COMPOSITION COMPRISING GALLA RHOIS EXTRACT FOR PREVENTION AND TREATMENT OF OBESITY BY MEANS OF AUTOPHAGIC MECHANISM

[Technical Field]

The present invention relates to a composition comprising a Galla Rhois extract for the prevention and treatment of obesity based on the mechanism of autophage inducing system.

[Background Art]

Obesity is a body condition referring to a state when an excess body fat relative to body weight has accumulated in the body due to the imbalance between energy supply and consumption by inappropriate control by the adipocytes, which are present about 20 billion or more in the body. If the number of adipocytes is increased and energy and triglycerides are excessively accumulated therein, the size of adipocytes is increased, leading to obesity. Primary function of adipocytes is to store and release energy in the body. When energy supply exceeds energy consumption, most of the excess energy is converted into triglycerides and accumulated in the adipocytes. Meanwhile, when energy is exhausted, the accumulated triglycerides are degraded into free fatty acids and glycerol to be used as an energy source. The accumulation of triglycerides in the adipocytes due to the energy surplus is a major cause of obesity. There have been various efforts made to treat obesity as follows: a method of preventing the excessive supply of energy by inhibiting fat absorption into the body and giving a feeling of satiety; a method of degrading fats by using shogaol, caffenine, theophylline and the like that are isolated from ginger as an anti-obesity substance capable of accelerating fat degradation and inhibiting fat accumulation; and a method of degrading fats through the activation of adenylate cyclase and inhibition of phosphodiesterase.

With regard to the inhibition of adipocyte differentiation and fat accumulation, there has been reported a plant extract which is capable of preventing obesity and diabetes by inhibiting preadipocyte differentiation. However, there is no investigation on the functional mechanism to inhibit the accumulation of fats and triglycerides in differentiated adipocytes, which leads to a technical limitation. Meanwhile, Korean Patent No. 588469 discloses a method of inhibiting the differentiation of adipocytes and accumulation of fats in the differentiated adipocytes by using shogaol isolated from ginger. The patent merely discloses that shogaol inhibits the accumulation of fats in adipocytes, but there was no teaching regarding the effect of preventing obesity or reducing body weight in an obesity- induced animal model, thus limiting its applicability.

Therefore, there is a strong need for the development of a novel material from a natural substance which is capable of inhibiting the differentiation of adipocytes and accumulation of fats in the differentiated adipocytes while maintaining its unharmfulness to human body and without any side effect. Further, there remains a need to investigate the inhibitory effect of the new material in an obesity-induced animal model and verify that it shows the inhibitory effects identical to or higher than those of the prior art anti-obesity drug.

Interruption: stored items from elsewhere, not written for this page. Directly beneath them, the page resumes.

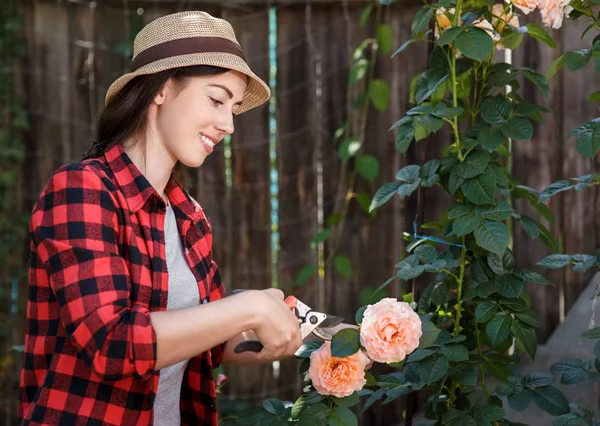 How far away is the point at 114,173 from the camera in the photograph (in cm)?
158

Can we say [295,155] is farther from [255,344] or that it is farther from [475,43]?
[255,344]

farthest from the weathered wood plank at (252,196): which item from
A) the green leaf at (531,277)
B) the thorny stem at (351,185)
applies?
the green leaf at (531,277)

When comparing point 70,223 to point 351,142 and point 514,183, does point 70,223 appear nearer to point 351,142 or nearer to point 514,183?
point 514,183

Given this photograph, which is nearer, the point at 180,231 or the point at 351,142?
the point at 180,231

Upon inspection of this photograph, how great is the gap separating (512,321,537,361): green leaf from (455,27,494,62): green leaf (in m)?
0.60

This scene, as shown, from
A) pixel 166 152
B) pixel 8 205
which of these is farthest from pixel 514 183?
pixel 8 205

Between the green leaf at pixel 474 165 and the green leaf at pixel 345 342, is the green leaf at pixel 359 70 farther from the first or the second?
the green leaf at pixel 345 342

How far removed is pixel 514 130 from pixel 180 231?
790 millimetres

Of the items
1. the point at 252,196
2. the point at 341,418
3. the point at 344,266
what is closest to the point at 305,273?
the point at 344,266

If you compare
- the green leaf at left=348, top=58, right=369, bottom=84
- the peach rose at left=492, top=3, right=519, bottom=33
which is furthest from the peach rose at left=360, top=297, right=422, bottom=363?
the green leaf at left=348, top=58, right=369, bottom=84

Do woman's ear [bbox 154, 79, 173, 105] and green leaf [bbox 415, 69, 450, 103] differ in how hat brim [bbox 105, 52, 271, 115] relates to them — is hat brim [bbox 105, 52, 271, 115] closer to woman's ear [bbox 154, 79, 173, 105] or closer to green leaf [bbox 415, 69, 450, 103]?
woman's ear [bbox 154, 79, 173, 105]

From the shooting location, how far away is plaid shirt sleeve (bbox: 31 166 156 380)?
4.44ft

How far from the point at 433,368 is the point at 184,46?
856 millimetres

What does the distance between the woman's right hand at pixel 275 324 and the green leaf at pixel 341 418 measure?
10.0 inches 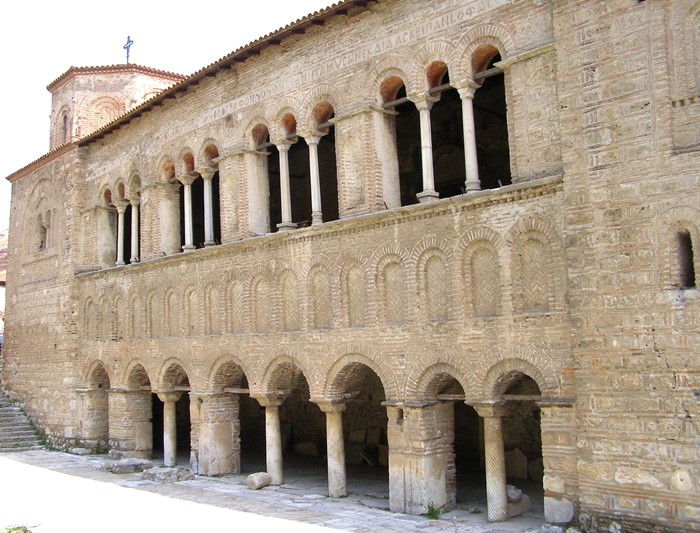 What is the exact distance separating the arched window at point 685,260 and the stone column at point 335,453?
646 centimetres

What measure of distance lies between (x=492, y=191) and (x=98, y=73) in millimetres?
18948

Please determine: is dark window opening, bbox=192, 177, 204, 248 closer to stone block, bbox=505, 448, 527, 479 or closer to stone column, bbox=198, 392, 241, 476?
stone column, bbox=198, 392, 241, 476

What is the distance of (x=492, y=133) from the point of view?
16.4 metres

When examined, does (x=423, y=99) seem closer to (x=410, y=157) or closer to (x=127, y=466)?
(x=410, y=157)

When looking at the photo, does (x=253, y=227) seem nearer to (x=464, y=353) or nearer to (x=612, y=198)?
(x=464, y=353)

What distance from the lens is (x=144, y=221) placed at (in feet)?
61.9

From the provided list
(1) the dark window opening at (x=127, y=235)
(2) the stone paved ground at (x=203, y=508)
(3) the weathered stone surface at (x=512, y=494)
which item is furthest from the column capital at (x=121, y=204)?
(3) the weathered stone surface at (x=512, y=494)

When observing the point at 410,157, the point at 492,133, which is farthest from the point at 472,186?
the point at 410,157

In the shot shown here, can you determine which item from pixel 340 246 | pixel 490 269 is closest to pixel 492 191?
pixel 490 269

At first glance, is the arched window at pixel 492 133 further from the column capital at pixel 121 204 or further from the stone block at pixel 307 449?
the column capital at pixel 121 204

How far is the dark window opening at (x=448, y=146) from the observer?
16734mm

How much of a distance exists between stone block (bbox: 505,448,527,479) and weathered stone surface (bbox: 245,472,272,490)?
Result: 468cm

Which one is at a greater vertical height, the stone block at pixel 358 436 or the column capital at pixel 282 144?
the column capital at pixel 282 144

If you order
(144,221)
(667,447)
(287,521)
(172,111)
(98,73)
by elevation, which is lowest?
(287,521) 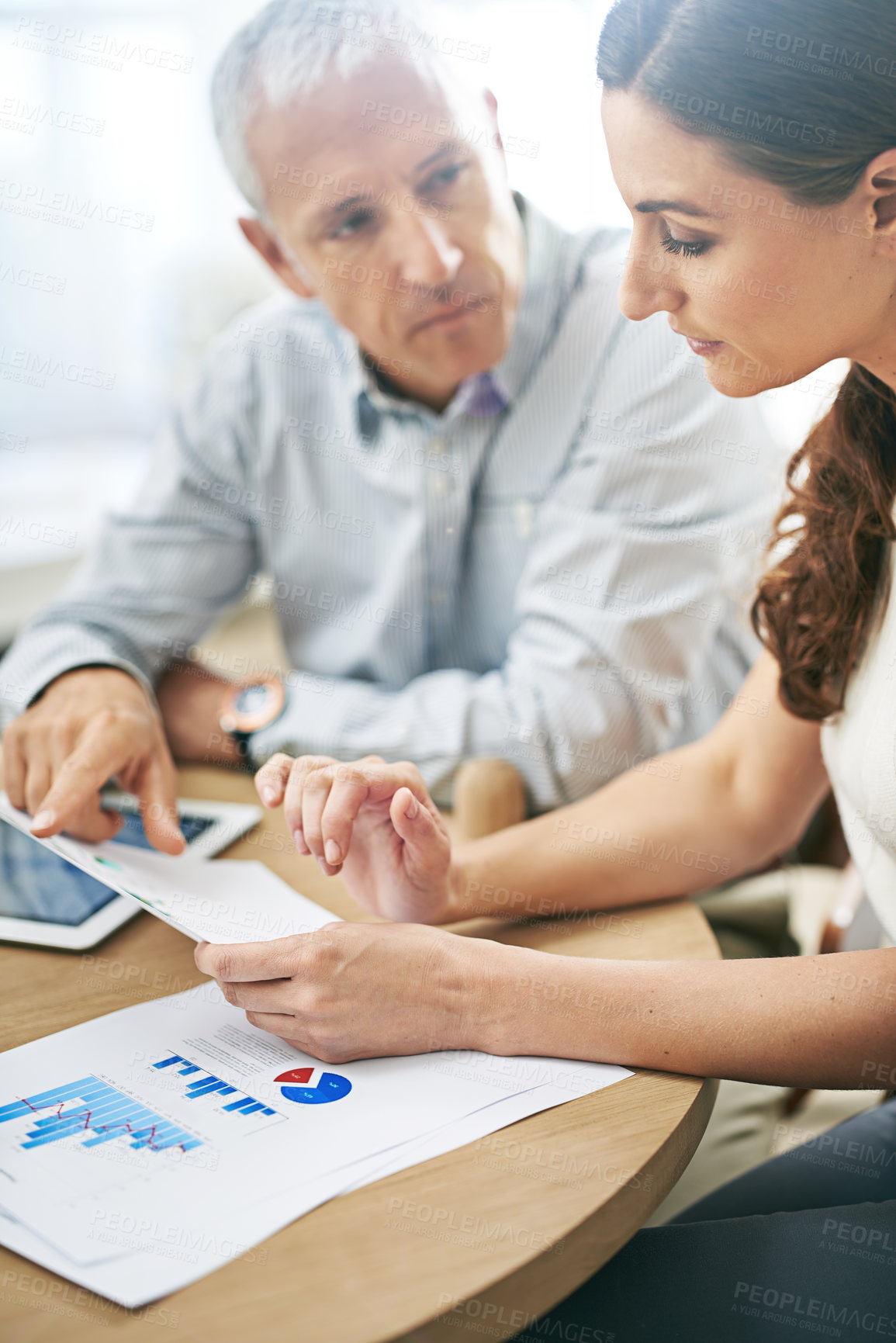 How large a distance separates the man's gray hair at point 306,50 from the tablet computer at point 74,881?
85cm

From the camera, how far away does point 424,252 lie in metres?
1.33

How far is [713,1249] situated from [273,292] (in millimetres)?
2924

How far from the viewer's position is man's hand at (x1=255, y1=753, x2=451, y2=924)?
863 mm

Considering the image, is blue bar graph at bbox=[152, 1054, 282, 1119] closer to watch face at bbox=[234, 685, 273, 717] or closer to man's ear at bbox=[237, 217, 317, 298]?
watch face at bbox=[234, 685, 273, 717]

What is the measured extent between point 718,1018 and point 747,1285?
0.20 metres

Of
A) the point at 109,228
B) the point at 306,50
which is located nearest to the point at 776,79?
the point at 306,50

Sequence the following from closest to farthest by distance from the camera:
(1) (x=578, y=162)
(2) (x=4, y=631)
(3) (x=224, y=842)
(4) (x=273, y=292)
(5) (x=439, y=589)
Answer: (3) (x=224, y=842) → (5) (x=439, y=589) → (1) (x=578, y=162) → (2) (x=4, y=631) → (4) (x=273, y=292)

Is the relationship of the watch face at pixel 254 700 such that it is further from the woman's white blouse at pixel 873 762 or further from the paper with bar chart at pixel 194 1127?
the woman's white blouse at pixel 873 762

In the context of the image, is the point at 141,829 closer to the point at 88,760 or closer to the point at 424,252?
the point at 88,760

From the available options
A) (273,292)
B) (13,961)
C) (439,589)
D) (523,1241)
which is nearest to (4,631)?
(273,292)

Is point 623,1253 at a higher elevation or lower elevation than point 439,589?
lower

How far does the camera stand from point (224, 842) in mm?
1119

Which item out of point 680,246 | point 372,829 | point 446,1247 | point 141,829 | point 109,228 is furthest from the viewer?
point 109,228

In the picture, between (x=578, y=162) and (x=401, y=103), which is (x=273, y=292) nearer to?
(x=578, y=162) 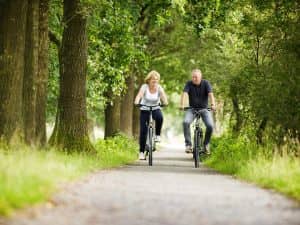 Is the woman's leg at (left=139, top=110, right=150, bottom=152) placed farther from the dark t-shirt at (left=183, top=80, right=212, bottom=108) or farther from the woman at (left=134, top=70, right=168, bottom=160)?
the dark t-shirt at (left=183, top=80, right=212, bottom=108)

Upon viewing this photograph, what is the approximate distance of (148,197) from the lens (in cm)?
932

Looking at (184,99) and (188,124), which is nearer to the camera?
(188,124)

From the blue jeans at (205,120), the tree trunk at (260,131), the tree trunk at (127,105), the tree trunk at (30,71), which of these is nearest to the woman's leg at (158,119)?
the blue jeans at (205,120)

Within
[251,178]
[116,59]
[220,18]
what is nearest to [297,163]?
[251,178]

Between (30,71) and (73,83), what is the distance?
1.43 meters

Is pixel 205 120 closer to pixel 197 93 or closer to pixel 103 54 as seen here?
pixel 197 93

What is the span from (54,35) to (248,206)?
16855 millimetres

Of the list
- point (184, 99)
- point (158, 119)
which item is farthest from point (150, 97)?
point (184, 99)

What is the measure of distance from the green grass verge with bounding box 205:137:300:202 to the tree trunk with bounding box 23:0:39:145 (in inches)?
166

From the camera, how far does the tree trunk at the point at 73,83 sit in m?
17.2

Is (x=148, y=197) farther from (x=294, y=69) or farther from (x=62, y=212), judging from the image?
(x=294, y=69)

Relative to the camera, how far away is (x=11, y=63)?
1472cm

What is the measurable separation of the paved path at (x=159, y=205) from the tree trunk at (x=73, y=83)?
5.63 metres

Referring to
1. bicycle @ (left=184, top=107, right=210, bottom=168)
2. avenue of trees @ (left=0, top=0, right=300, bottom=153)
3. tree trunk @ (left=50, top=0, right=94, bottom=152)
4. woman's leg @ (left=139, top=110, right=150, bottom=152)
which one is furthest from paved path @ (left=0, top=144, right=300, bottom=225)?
woman's leg @ (left=139, top=110, right=150, bottom=152) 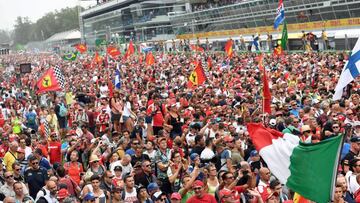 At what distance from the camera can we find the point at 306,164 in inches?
254

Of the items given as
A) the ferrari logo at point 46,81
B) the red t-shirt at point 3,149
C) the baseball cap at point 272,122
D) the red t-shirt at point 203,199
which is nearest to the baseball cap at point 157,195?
the red t-shirt at point 203,199

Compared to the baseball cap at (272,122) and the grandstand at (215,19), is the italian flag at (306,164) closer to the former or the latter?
the baseball cap at (272,122)

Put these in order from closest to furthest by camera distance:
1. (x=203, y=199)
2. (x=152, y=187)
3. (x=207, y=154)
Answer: (x=203, y=199)
(x=152, y=187)
(x=207, y=154)

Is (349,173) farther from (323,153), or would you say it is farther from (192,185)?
(323,153)

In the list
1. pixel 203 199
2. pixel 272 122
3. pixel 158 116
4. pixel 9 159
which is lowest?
pixel 158 116

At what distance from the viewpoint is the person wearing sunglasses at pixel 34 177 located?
407 inches

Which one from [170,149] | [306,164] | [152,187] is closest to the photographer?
[306,164]

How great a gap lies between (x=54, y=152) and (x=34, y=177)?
2.48m

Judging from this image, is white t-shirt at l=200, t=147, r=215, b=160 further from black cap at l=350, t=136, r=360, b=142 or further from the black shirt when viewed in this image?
the black shirt

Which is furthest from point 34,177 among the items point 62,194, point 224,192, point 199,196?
point 224,192

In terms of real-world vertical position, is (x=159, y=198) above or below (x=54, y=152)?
above

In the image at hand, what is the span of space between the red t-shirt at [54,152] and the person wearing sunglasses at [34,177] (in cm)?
225

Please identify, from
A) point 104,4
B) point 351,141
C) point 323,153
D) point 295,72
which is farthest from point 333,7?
point 104,4

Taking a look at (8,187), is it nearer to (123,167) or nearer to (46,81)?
(123,167) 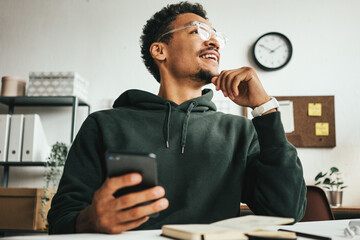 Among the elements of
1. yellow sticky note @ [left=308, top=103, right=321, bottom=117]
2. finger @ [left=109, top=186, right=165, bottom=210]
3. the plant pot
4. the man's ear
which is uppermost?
the man's ear

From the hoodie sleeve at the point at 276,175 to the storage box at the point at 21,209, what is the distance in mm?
1747

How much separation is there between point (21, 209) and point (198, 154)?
1.73 metres

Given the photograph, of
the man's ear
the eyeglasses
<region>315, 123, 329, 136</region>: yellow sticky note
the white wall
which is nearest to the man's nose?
the eyeglasses

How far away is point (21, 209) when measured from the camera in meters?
2.36

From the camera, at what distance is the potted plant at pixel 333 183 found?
2453 millimetres

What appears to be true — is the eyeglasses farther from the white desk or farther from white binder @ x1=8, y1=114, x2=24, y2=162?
white binder @ x1=8, y1=114, x2=24, y2=162

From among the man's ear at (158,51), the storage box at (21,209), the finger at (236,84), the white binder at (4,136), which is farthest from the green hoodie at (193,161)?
the white binder at (4,136)

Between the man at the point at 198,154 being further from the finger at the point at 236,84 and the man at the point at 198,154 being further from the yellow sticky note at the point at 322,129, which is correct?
the yellow sticky note at the point at 322,129

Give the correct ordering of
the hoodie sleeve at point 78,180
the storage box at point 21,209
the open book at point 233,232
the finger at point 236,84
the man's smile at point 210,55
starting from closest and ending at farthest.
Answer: the open book at point 233,232
the hoodie sleeve at point 78,180
the finger at point 236,84
the man's smile at point 210,55
the storage box at point 21,209

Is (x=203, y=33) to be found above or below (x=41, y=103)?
above

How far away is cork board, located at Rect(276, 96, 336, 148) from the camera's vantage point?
2818mm

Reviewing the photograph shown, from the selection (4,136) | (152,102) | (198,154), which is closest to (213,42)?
(152,102)

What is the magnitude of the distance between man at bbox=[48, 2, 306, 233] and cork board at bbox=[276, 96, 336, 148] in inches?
65.2

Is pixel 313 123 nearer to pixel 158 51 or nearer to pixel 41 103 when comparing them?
pixel 158 51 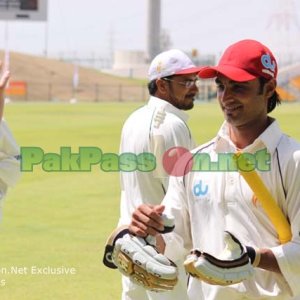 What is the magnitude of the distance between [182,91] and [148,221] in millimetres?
3325

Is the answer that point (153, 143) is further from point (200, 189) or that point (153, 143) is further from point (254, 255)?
point (254, 255)

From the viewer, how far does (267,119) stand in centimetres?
412

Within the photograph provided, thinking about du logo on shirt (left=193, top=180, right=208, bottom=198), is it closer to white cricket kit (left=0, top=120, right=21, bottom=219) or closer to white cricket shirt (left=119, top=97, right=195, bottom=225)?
white cricket kit (left=0, top=120, right=21, bottom=219)

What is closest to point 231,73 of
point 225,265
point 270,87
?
point 270,87

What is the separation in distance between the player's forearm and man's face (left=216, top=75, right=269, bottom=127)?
Answer: 531mm

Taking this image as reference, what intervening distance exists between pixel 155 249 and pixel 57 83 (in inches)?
3341

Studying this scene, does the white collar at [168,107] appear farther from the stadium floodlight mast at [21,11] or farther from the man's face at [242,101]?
the stadium floodlight mast at [21,11]

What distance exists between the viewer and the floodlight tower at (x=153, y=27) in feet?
381

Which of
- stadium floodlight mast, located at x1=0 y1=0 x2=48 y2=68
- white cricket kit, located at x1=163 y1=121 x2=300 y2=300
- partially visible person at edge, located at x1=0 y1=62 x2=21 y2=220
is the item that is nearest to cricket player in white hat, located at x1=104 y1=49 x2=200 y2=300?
partially visible person at edge, located at x1=0 y1=62 x2=21 y2=220

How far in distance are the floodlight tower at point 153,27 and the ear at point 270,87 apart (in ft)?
369

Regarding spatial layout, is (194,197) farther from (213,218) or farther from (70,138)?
(70,138)

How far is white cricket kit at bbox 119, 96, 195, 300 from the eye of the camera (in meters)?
6.73

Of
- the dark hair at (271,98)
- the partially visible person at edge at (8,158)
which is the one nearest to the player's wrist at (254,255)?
the dark hair at (271,98)

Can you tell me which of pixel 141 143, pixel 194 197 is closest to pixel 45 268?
pixel 141 143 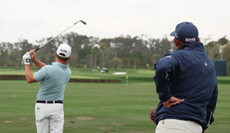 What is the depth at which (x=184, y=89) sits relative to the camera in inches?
121

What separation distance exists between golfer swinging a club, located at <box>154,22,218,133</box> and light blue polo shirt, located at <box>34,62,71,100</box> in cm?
206

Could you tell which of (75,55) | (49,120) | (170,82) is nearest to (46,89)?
(49,120)

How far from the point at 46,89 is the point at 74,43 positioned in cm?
13593

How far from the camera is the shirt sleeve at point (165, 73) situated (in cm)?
293

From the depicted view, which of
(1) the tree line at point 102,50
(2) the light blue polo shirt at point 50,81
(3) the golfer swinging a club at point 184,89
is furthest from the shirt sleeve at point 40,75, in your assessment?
(1) the tree line at point 102,50

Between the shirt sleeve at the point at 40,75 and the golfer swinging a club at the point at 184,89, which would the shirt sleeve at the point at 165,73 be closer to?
the golfer swinging a club at the point at 184,89

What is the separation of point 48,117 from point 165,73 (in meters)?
2.38

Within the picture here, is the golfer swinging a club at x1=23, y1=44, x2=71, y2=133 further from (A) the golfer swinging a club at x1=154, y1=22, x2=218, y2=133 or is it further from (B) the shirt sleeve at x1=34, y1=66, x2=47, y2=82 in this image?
(A) the golfer swinging a club at x1=154, y1=22, x2=218, y2=133

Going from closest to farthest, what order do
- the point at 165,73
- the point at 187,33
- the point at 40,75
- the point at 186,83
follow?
the point at 165,73 → the point at 186,83 → the point at 187,33 → the point at 40,75

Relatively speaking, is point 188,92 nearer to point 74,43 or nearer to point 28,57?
point 28,57

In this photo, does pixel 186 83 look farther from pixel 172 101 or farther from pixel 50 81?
pixel 50 81

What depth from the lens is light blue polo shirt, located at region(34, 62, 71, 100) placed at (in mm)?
4559

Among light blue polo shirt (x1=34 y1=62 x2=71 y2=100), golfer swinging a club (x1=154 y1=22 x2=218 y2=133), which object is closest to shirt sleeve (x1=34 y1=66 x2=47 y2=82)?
light blue polo shirt (x1=34 y1=62 x2=71 y2=100)

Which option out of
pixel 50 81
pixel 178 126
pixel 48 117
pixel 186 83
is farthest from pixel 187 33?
pixel 48 117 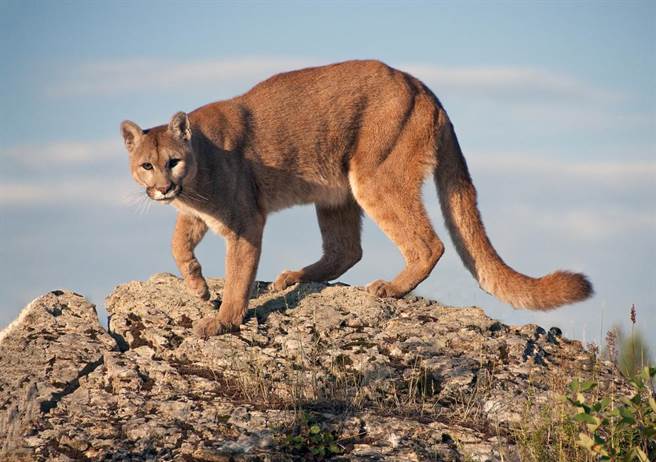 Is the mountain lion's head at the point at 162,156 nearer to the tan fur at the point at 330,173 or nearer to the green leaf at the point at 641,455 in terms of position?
the tan fur at the point at 330,173

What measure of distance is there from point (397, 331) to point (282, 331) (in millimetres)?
→ 920

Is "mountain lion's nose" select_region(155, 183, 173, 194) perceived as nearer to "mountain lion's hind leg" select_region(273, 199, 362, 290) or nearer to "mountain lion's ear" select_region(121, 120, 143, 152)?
"mountain lion's ear" select_region(121, 120, 143, 152)

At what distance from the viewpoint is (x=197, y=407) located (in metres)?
6.01

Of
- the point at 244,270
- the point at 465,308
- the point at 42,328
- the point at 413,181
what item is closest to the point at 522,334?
the point at 465,308

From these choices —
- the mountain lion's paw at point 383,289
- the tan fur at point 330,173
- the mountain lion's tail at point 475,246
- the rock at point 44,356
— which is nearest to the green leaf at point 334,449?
the rock at point 44,356

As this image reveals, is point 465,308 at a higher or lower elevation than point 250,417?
higher

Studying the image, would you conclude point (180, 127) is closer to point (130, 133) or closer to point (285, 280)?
point (130, 133)

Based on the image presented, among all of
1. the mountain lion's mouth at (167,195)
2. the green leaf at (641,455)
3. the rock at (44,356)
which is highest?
the mountain lion's mouth at (167,195)

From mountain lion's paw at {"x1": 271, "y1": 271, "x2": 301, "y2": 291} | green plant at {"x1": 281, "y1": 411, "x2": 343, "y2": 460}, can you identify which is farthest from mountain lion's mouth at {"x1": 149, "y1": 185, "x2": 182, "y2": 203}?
green plant at {"x1": 281, "y1": 411, "x2": 343, "y2": 460}

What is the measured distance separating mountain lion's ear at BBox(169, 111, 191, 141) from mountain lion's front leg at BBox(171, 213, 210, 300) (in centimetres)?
75

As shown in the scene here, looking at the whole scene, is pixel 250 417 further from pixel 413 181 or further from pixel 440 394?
pixel 413 181

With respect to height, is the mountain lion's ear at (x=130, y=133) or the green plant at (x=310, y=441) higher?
the mountain lion's ear at (x=130, y=133)

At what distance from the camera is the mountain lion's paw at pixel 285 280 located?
28.1ft

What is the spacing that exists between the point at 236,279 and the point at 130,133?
5.41 feet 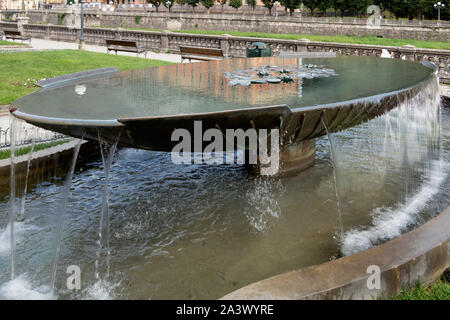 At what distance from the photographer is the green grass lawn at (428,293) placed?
3865 mm

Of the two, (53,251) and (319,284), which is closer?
(319,284)

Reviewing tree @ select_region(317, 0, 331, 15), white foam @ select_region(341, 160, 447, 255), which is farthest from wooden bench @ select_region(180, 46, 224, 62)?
tree @ select_region(317, 0, 331, 15)

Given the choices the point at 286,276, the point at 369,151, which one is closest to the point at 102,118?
the point at 286,276

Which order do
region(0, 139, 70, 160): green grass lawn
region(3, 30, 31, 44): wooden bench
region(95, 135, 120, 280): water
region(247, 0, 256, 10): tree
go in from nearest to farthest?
region(95, 135, 120, 280): water → region(0, 139, 70, 160): green grass lawn → region(3, 30, 31, 44): wooden bench → region(247, 0, 256, 10): tree

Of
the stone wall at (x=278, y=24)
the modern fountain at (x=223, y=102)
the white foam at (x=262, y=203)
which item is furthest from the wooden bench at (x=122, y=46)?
the stone wall at (x=278, y=24)

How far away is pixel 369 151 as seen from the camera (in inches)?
366

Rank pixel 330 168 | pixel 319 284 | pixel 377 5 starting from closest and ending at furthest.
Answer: pixel 319 284 < pixel 330 168 < pixel 377 5

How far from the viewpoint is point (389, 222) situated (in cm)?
615

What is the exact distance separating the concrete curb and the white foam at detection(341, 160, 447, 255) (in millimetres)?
1217

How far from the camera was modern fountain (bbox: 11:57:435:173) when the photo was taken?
4.54m

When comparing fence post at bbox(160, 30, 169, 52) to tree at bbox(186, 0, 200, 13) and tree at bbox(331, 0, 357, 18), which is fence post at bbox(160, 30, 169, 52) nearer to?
tree at bbox(331, 0, 357, 18) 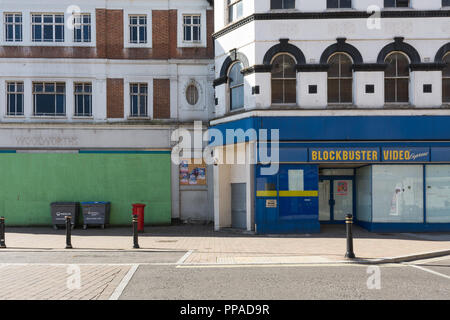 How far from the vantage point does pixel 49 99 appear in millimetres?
19219

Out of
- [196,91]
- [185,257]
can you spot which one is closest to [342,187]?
[196,91]

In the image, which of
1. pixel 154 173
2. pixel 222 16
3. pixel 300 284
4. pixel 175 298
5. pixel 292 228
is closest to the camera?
pixel 175 298

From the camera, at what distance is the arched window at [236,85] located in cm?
1667

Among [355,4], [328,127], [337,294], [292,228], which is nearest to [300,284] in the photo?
[337,294]

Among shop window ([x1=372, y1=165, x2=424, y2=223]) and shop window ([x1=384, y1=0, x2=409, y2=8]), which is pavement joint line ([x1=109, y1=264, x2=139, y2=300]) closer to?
shop window ([x1=372, y1=165, x2=424, y2=223])

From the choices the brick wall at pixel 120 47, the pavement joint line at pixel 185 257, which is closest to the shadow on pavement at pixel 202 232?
the pavement joint line at pixel 185 257

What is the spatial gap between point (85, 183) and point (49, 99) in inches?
160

Different from natural death or necrosis which involves in the death of a whole cell, autophagocytosis, a new type of cell death, relates to the death and regeneration of intracellular organelles such as mitochondria, endoplasmic reticulum and the like. It was believed that these intracellular organelles are usually maintained under static conditions, but recent study has discovered that they undergo a continuous process of apoptosis and regeneration. The old intracellular organelle undergone a degenerative change becomes extinct through such a process and is provided as a nutrient source for the regeneration of a new intracellular organelle. Autophage inducing system (autophagocytosis) can prevent the death of a whole cell or induce the same via the apoptosis and regeneration process of intracellular organelles. In the meantime, physiological functions and clinical significance of the continuous death and regeneration of intracellular organelles via autophagocytosis were not clear, but recent studies have suggested several evidences on the relationship between autophagocytosis and various kinds of diseases or aging. It has been found that autophagocytosis plays an important role in the development of cancer, degenerative nervous diseases, and the like, but there is no report on the relationship between autophagocytosis and obesity.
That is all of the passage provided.